The role of institutions and authority
- Some traditional views say something is art if recognized by institutions.
- A key difference in this seminar’s perspective: art doesn’t require authority. Anyone can declare something art. But does this make the definition too open-ended?
- If one person insists something is art and another disagrees, does the declarer always “win”? According to this definition, yes.
Gradual declarations & false beliefs
What about cases where something slowly becomes art over time? Example: a urinal placed in a gallery, initially not declared art, but over time treated as such by visitors.
Can something become art through mistaken belief? Suppose visitors wrongly assume the urinal was declared art — does their false belief make it art?
Analogy: two villages never explicitly mark a boundary, but by consistently acting as if a certain road is the boundary, it becomes one.

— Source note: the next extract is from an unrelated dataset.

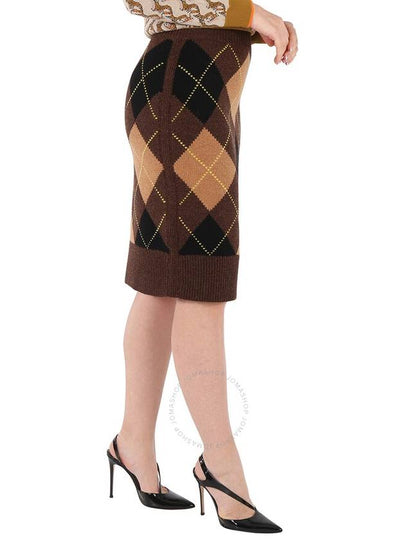 Burberry Ladies Argyle Intarsia Wool Cashmere Pencil Skirt, Size Medium - BURBERRY - BALAAN 2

Could art function the same way?
The ontology of art
- If a marble block is carved into a statue, is the statue a new entity distinct from the marble?

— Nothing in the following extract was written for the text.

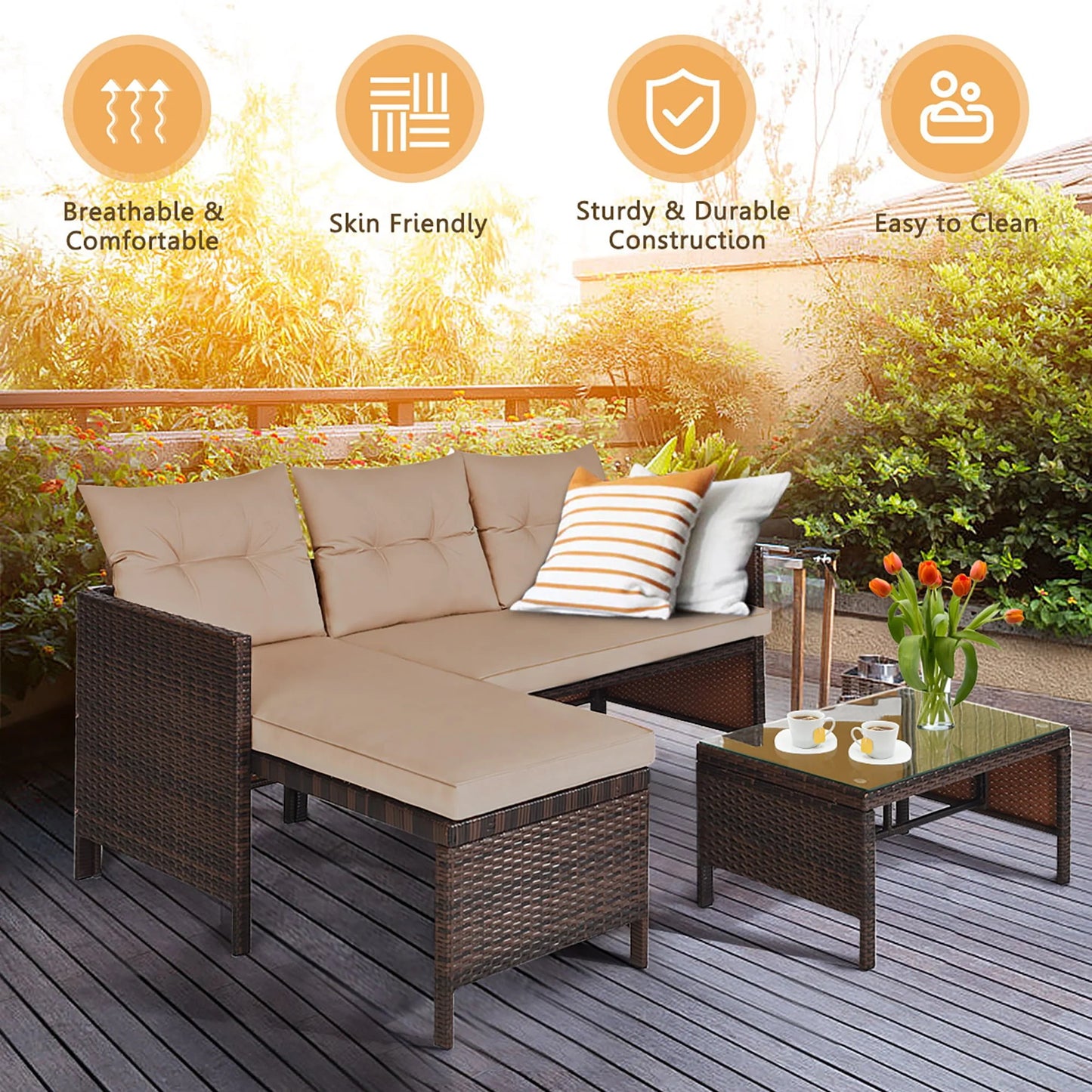 Costway 3PCS Patio Wicker Rattan Sofa Set Outdoor Sectional Conversation Set Garden Lawn Brown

- Some views say only the statue is art, not the raw marble.
- But if anything can be art, does that mean we could declare a marble block art, without modification?
- Does declaration create new entities? Or does it just assign new functions to existing objects?
Repeatability question
- Some artworks (e.g., paintings) are singular; others (e.g., operas, symphonies) can be repeated.
- If a symphony is never performed again and all records of it are lost, does it still exist as an artwork?
- Intuition: Yes, even if lost and never instantiated further, it remains an artwork.
Can you be wrong about art?
- If art is based on declaration, can someone be wrong in declaring something as art?
- According to this view, if one sincerely believes something is art, it that is sufficient and it is art.
- Could we develop conditions where declarations fail—for instance, if someone declares something art as a joke, does that count?
- Concern: In a debate, the person who insists something is art would always win, since mere sincere insistence then suffices.
Final Thoughts
The discussion touched on very interesting questions while at times, by the end, veering into seeming triviality. With art being declarable by literally anybody sincere, does the definition of art lose all meaning?
It seems like it should matter, considering whether something is art may change how we treat it - will it be placed in a museum? Does it warrant certain legal protections? Etc. But if all we need is a sincere declaration, a piece’s ‘official artness’ seems unimportant, since the real debate then simply moves to how valuable or good a piece of art it is - how worthy is it of museum placement, protection, archiving, etc?
But other questions stick with me: When does art begin? During the process of creation, or maybe when an artist says “This is now done. It is now art”. Is art just a function of social recognition, or does it exist independently of declaration?
No firm answers - but then, sometimes the questions are all you need.
If a tree falls in a forest…
Personally, I consider my books art - I even consider some of my coding projects ‘art’, in their own way. But at least for books, something about them just feels incomplete as an artwork until I know they are published for someone to consume.
So I say being witnessed, in the case of my fiction, is a critical part of my work’s final transition into ‘artness’.
“Here - I made this weird, flawed, yearning thing. In being consumed, it becomes.”